When the Wall Street Journal reported on the NDA on January 12, 2018, Stormy locked her New Jersey hotel room door as the press descended. She holed up alone for two days, with a friend delivering Chinese food at one point. Later, on January 27, the media hounded her at the 35th AVN Awards, so she hid again, this time in her room at the Hard Rock Hotel & Casino’s high-rise tower overlooking Las Vegas. The security guards, who had nicknamed her “Rapunzel,” escorted her from her room to the event.

As Stormy posed on the red carpet in a blue sequined gown, she dodged questions about Trump. After all, she thought, was their encounter really such a stunning revelation? Here was a man who’d cheated on his first wife, Ivana, with Marla Maples, then allegedly called tabloids posing as a publicist to spread news about his sexual exploits. Trump’s fans knew who they’d voted for. Trump allegedly banging a porn star years ago seemed to her like no big deal. Surely, Trump’s team would stay silent, and as long as both parties never spoke out, the story would die.

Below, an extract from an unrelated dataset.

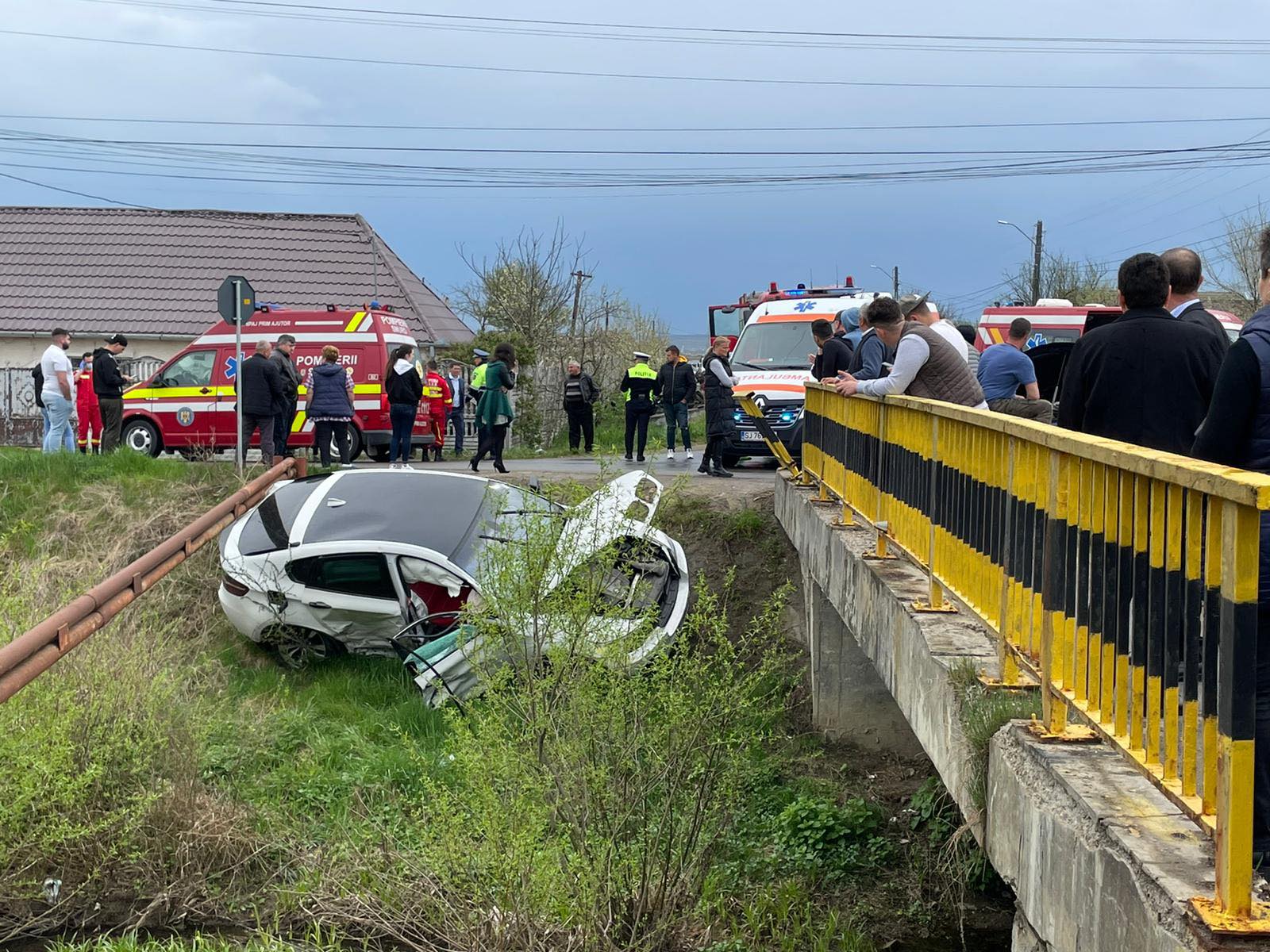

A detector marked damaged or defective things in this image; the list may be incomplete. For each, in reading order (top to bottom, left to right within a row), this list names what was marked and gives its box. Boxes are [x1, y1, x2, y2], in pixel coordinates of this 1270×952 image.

Her vow of silence was not shared. On February 13, Trump’s personal attorney, Michael Cohen, announced that he’d paid Stormy with his own money. “Just because something isn’t true doesn’t mean that it can’t cause you harm or damage,” Cohen said, which Stormy interpreted as an insinuation that she was a liar.

Hold up, motherfucker, Stormy says she thought. I’m not allowed to open my mouth? And you can just open your mouth and lie and call me names? Enough is enough, and fuck you. I’m going to fight back.

Stormy has since filed a defamation suit against Cohen, and also sued to get out of her NDA. If Stormy wins her case, she plans to donate the $130K to Planned Parenthood in Cohen’s and Trump’s names. “Cause I’m that kind of cunt,” she says. “I don’t have shame. You can’t bully me.”